-- Opening Marker --
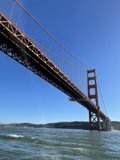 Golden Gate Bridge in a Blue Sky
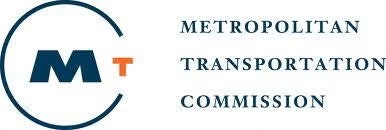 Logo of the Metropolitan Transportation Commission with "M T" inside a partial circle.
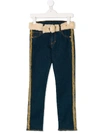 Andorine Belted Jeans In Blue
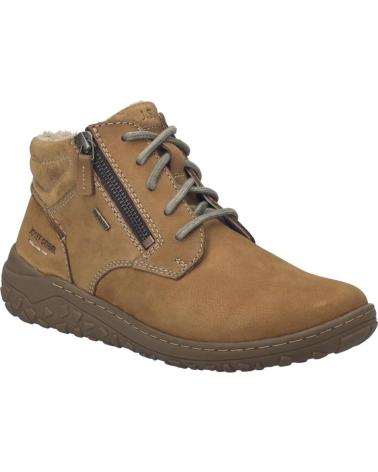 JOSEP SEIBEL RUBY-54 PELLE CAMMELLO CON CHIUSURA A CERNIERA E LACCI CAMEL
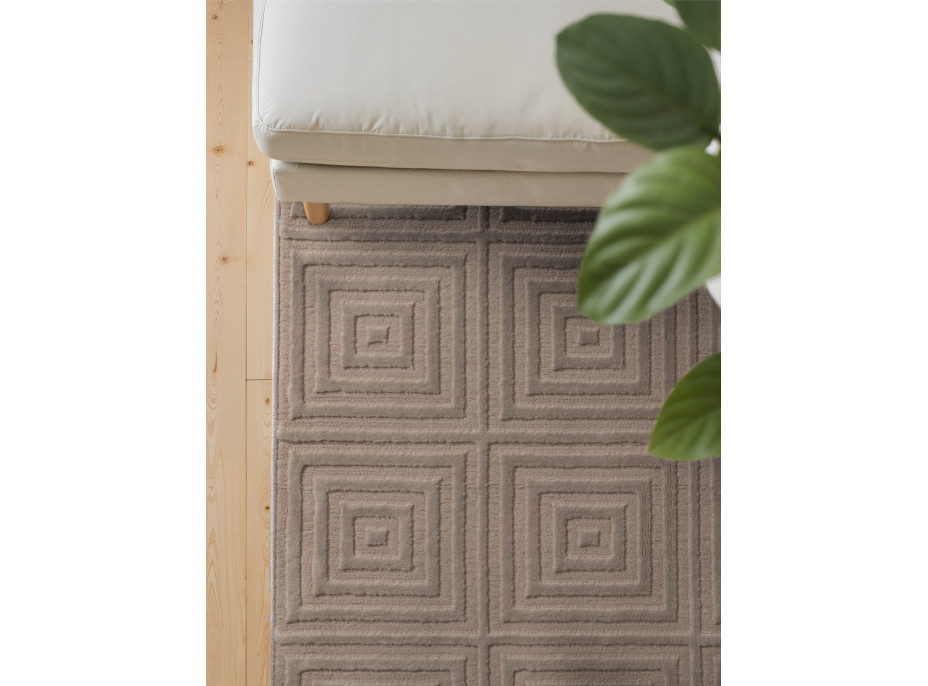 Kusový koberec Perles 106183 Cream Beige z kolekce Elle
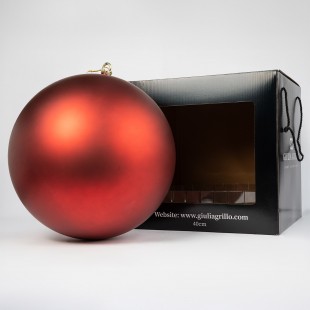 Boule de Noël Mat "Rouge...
-- Closing Marker --
-- Opening Marker --
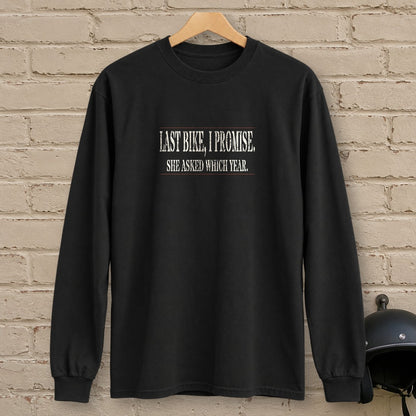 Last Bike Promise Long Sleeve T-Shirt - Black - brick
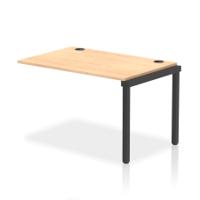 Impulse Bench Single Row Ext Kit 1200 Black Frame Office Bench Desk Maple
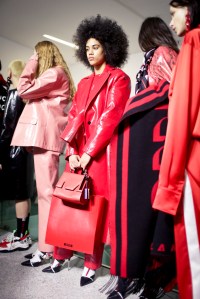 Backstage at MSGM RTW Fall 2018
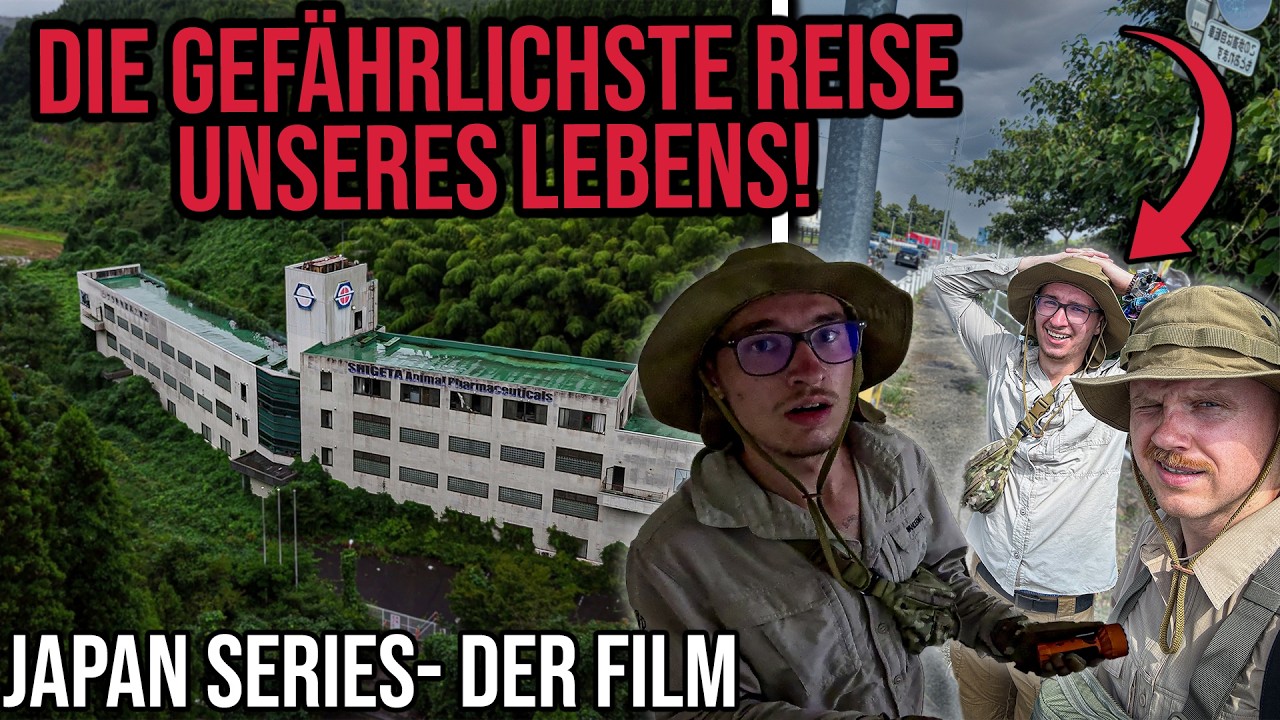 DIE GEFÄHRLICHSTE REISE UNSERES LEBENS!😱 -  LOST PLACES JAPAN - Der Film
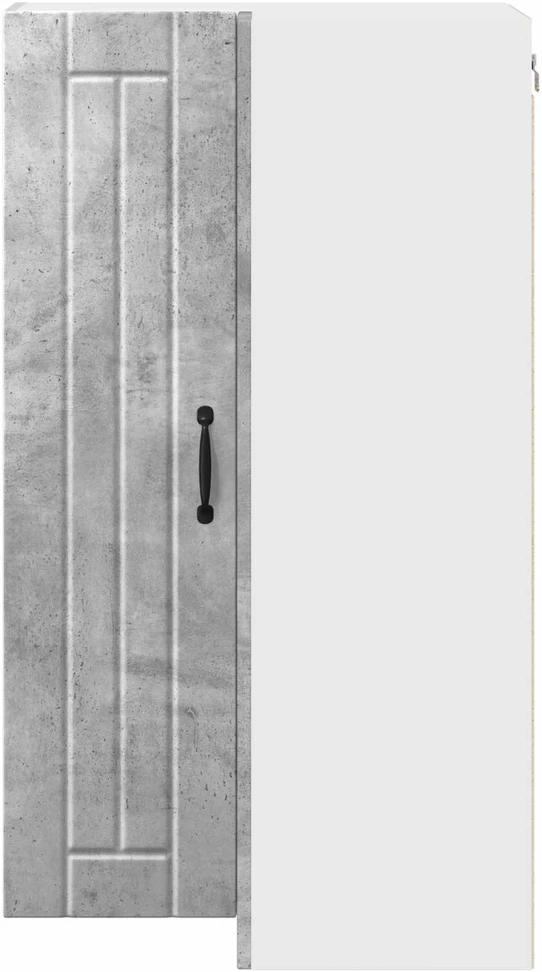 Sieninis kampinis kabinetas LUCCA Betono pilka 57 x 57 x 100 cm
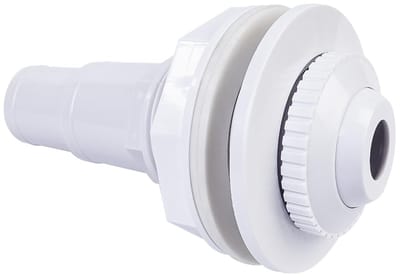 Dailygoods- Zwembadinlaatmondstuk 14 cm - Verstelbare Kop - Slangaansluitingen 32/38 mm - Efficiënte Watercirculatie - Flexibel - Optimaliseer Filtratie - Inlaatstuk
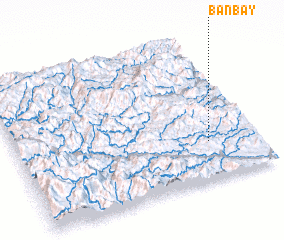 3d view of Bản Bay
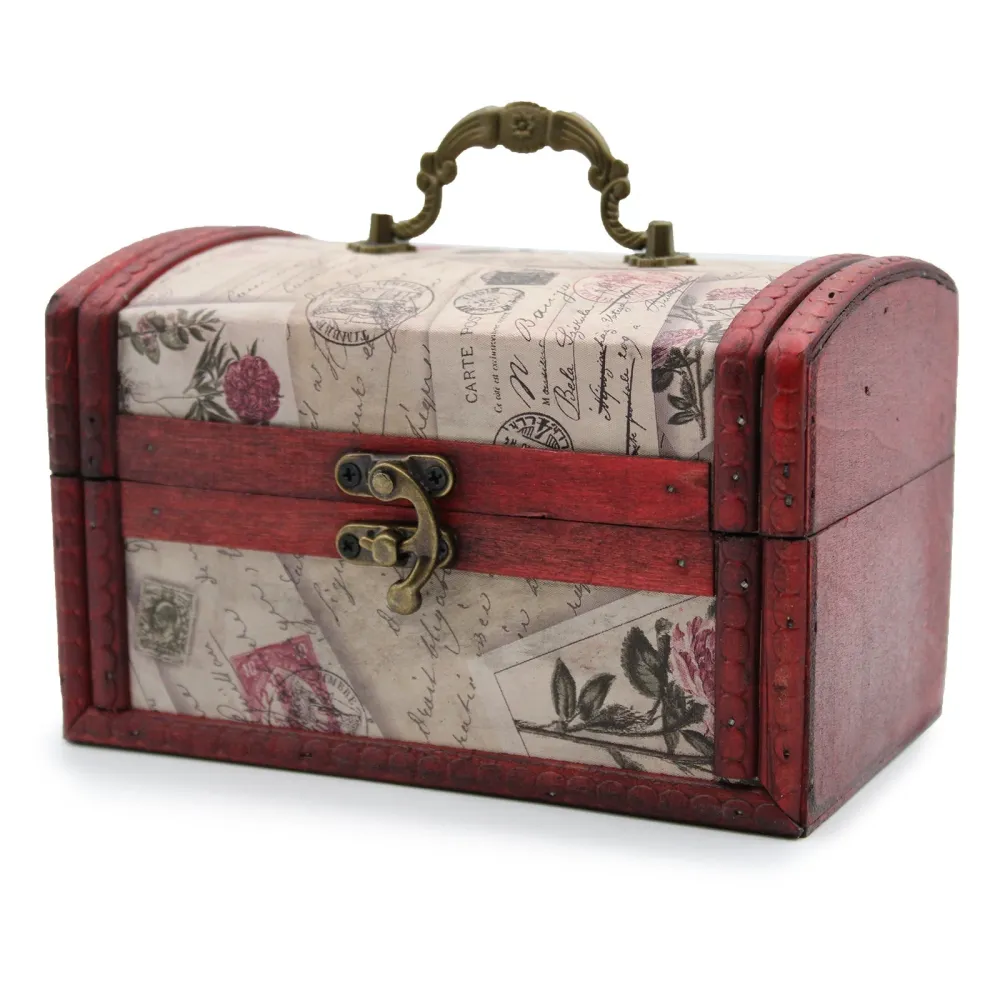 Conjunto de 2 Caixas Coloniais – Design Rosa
-- Closing Marker --
-- Opening Marker --
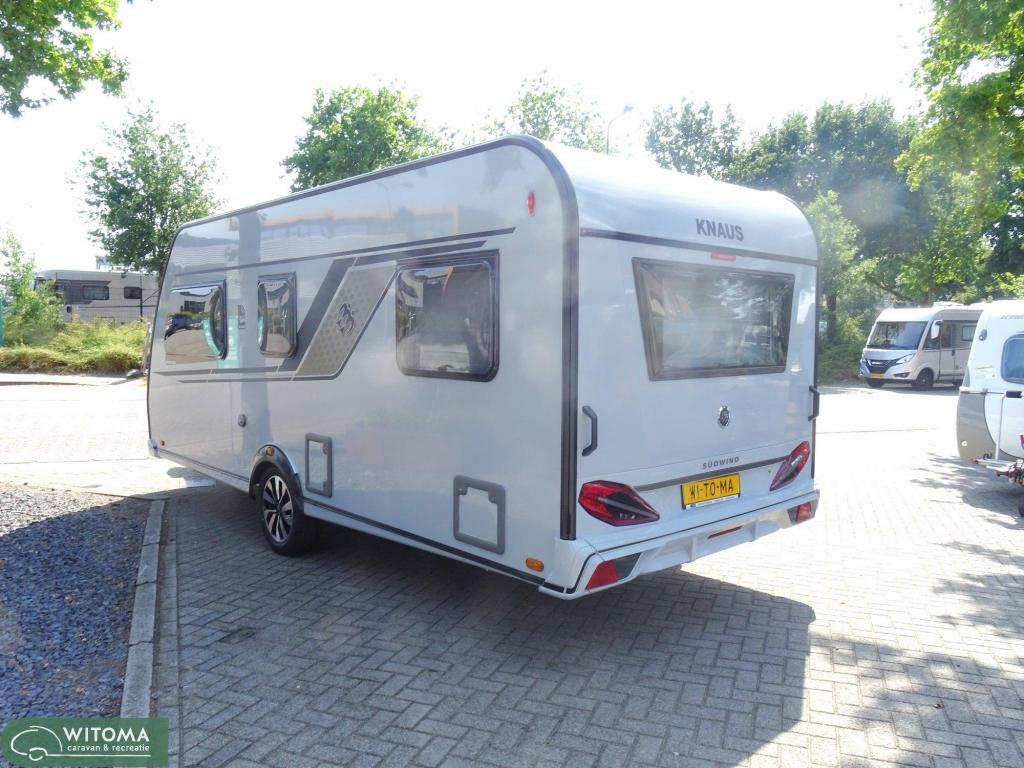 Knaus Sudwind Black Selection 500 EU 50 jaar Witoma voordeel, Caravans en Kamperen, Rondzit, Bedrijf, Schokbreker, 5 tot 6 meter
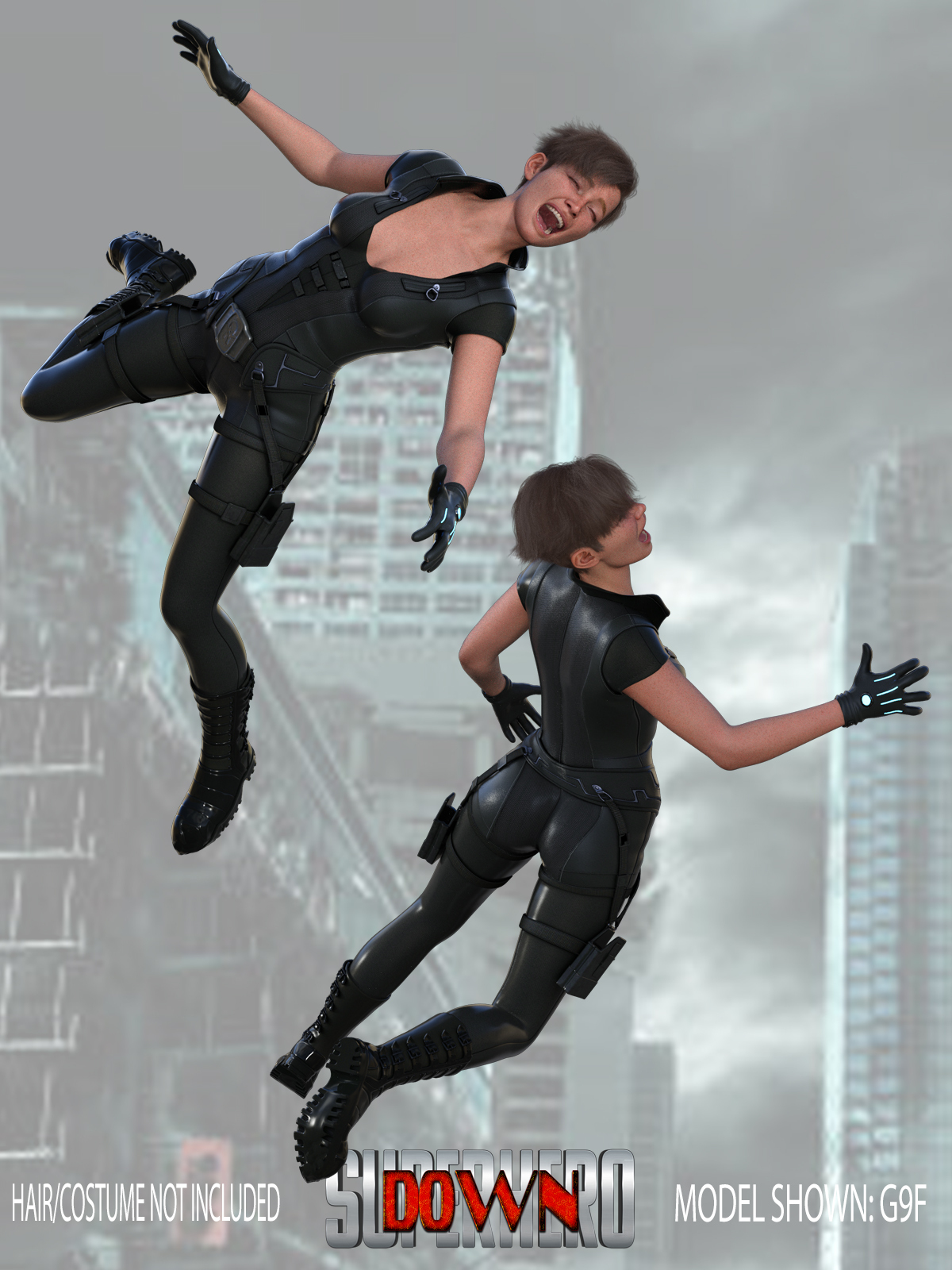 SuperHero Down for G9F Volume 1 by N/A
-- Closing Marker --
● What you are asked to do: Look through the material above. Transcribe exactly the lines between the ones with "Golden Gate Bridge in a Blue Sky" and "Boule de Noël", inclusive, and keep pictures out.

● Written solution:
 Golden Gate Bridge in a Blue Sky
 Logo of the Metropolitan Transportation Commission with "M T" inside a partial circle.
 Andorine Belted Jeans In Blue
 JOSEP SEIBEL RUBY-54 PELLE CAMMELLO CON CHIUSURA A CERNIERA E LACCI CAMEL
 Kusový koberec Perles 106183 Cream Beige z kolekce Elle
 Boule de Noël Mat "Rouge...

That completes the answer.